MICROSERVICES AND RABBITMQ
Some time ago defining a service was a costly task, you had to define the WSDL and prepare a container to serve the service in a reliable way.
Not to say that SOAP consumption is expensive. The server has to parse request, validate, process it and return a valid XML response. That’s a lot!
Normally you should load balance and again, doing it was costly. In time and maintenance.
Things changed slowly…
New frameworks appeared and the cost of creating a service decreased greatly.
And REST+json added the light to the situation, because consuming services became less expensive. And a lot easier.
So services started to increase in number but also in complexity. Making big and difficult to maintain beasts servers. You change one service and voilà! A new deployment should be considered and planned. So you have a new operational problem.
Because creating services is easy now. Why not to split the server and deploy them standalone?
Coordination becomes a problem.
You can still have a heavy container that makes deployments and management a little bit complex.
Sometimes it gets slow because has to handle a lot of applications running inside. And it has to manage connection pools among other resources.

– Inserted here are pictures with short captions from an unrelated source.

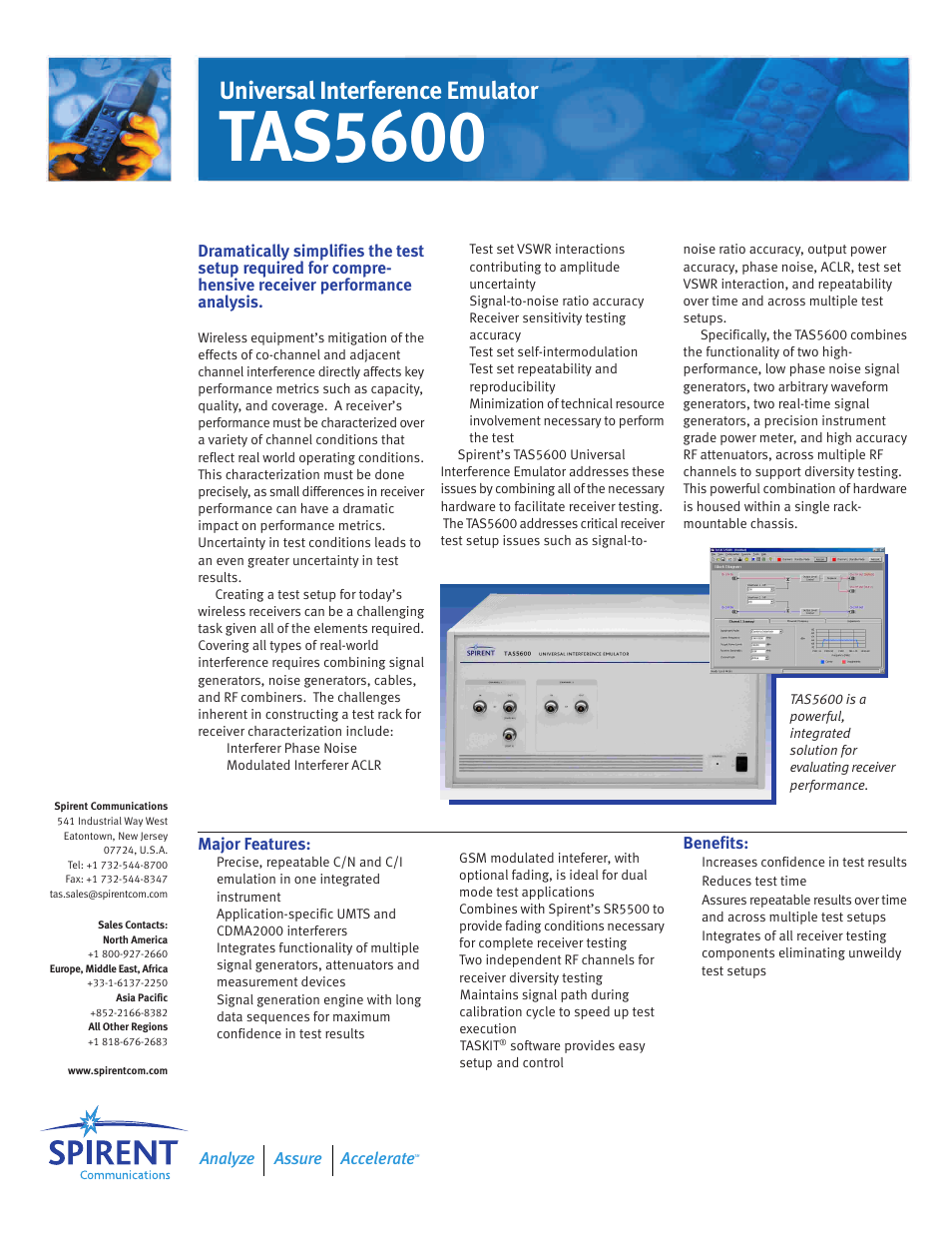 Atec Spirent-TAS5600 User Manual | 12 pages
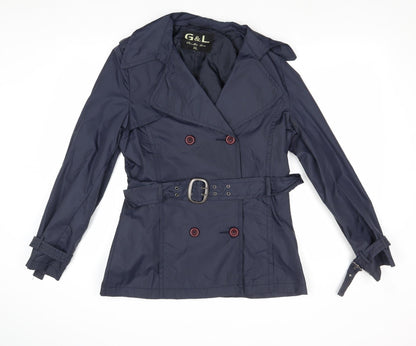 G & L Womens Blue Jacket Size XL Button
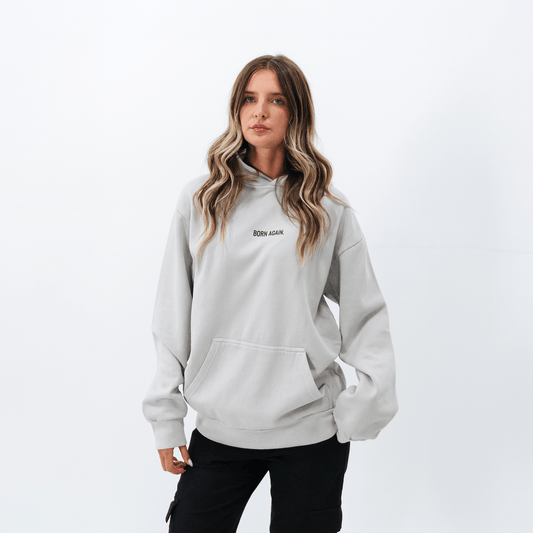 BORN AGAIN HOODIE (MOONSTONE GREY) - Born Again Collection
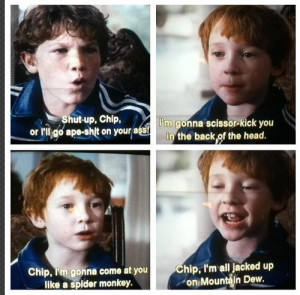 talladega nights These kids had the best lines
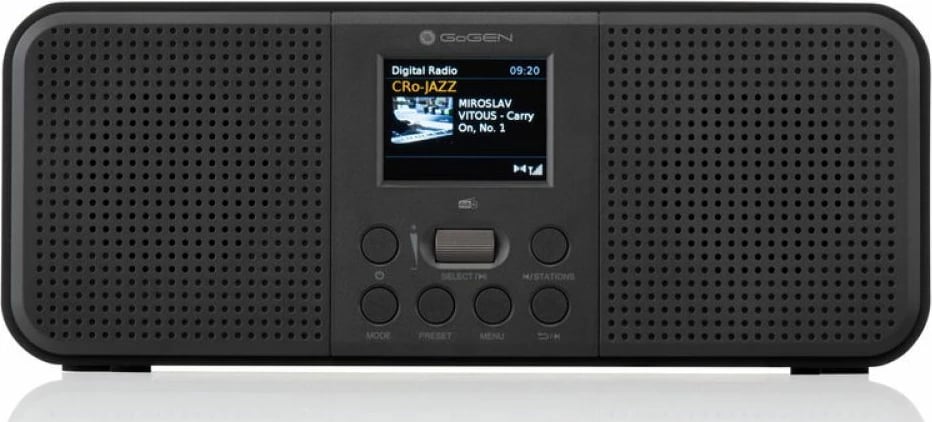 Radio Digjitale me Bluetooth, FM/DAB+ dhe Alarm GoGEN GOGDAB800BTC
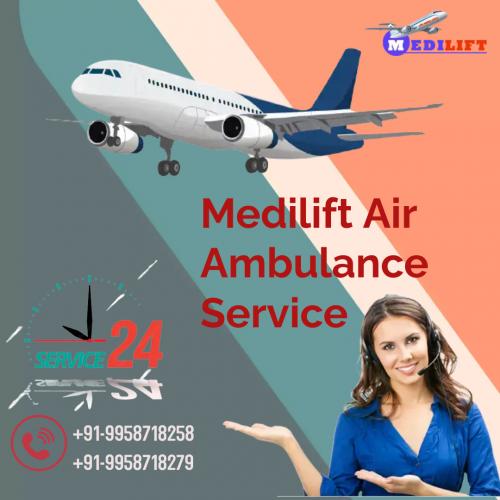 Made Easy Shifting of Patient by Medilift Air Ambulance Service in Delhi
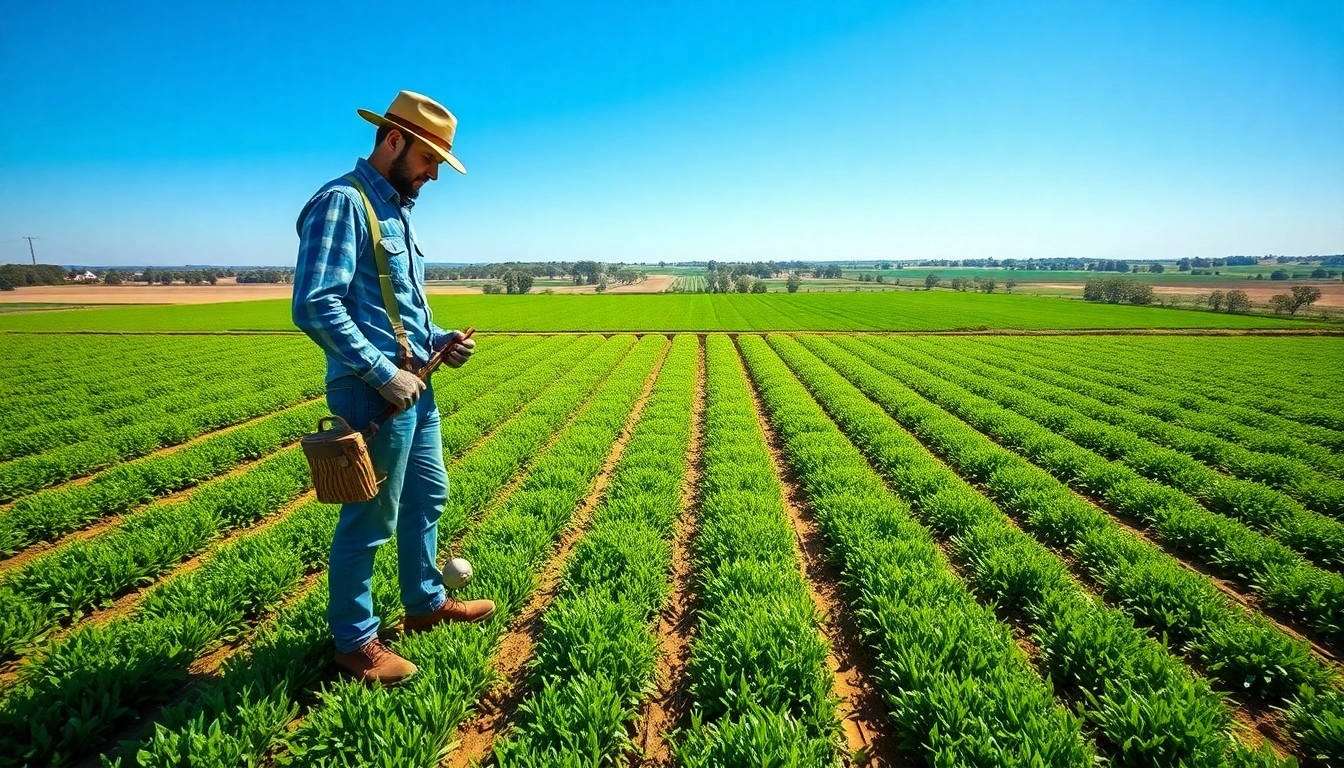 Enhancing land irrigation practices with innovative techniques in a lush agricultural setting.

This situation will be unreliable in short time.
Frameworks evolved (see Grizzly vs Mina) and we can avoid to use the container at all.This normally will ease the update of the services and overall management. But also performance and reliability.
You will loose some things in the way but as far as you are smart enough there’s always a good work around.
Things will get even better if you use specific frameworks for microservices.
But the more I read the more obvious is the problem with this kind of services and frameworks.
This is just an opinion so ideas are welcome. When you enter that world you will be tied to a synchronous world when you will waste your time waiting for responses and processing requests one by one. (Yes I know each request will be processed by one thread but you know what I mean).
THE MARVELOUS WORLD OF ASYNC PROCESSING
We took a different approach for our microservices.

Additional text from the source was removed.